Les députés du groupe radical, républicain, démocrate et progressiste ne sont pas opposés par principe aux ordonnances prévues par l’article 38 de notre Constitution ; ils y sont favorables à condition qu’elles soient clairement délimitées et qu’elles permettent un gain de temps significatif, sur des sujets techniques présentant un caractère d’urgence. En l’occurrence, le secteur du logement présente bel et bien une spécificité, puisqu’une grande partie des normes qui le régissent relèvent du domaine législatif – ce qui explique, d’ailleurs, la longueur exceptionnelle de la discussion des différentes lois portant sur le logement examinées au cours des dernières années.

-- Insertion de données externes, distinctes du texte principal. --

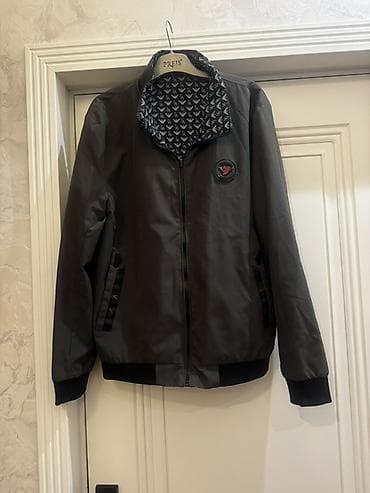 qara jaket: Qadın və kişi geyimləri dəsti ;Her biri 18 manatdır 1) Boz rəngli — 5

Ce projet de loi vise à moderniser ce que l’on a coutume d’appeler le « 1 % logement », c’est-à-dire l’obligation pour les entreprises, depuis 1963, de participer aux dépenses consacrées au logement de leurs salariés. C’est ce que l’on appelle la PEEC, c’est-à-dire la participation des employeurs à l’effort de construction. Il s’agit d’un élément majeur de la politique du logement en France, une forme de solidarité indispensable pour réduire la pénurie de logement et le mal-logement.
La somme totale pour les entreprises qui choisissent de verser leur dû à un collecteur agrée s’élève à 4 milliards d’euros – ce sont les ressources d’Action logement pour l’année 2015. Toutefois, en dépit d’un effort significatif de simplification et de rationalisation, commencé en 2009, l’organisation et l’efficience d’Action logement sont régulièrement critiquées.
La loi ALUR de mars 2014 a amplifié le phénomène de réorganisation, mais la structure reste perfectible ; il devenait nécessaire de l’améliorer pour optimiser l’utilisation des ressources et pour assurer les engagements figurant dans la convention quinquennale prévue par la loi ALUR. Ainsi, au début du mois d’avril 2015, un travail de concertation utile et fécond a commencé entre la ministre du logement, qui était alors Sylvia Pinel, les parlementaires spécialistes de ces questions et les partenaires sociaux, pour réformer plus efficacement le réseau collectant et distribuant la participation des entreprises.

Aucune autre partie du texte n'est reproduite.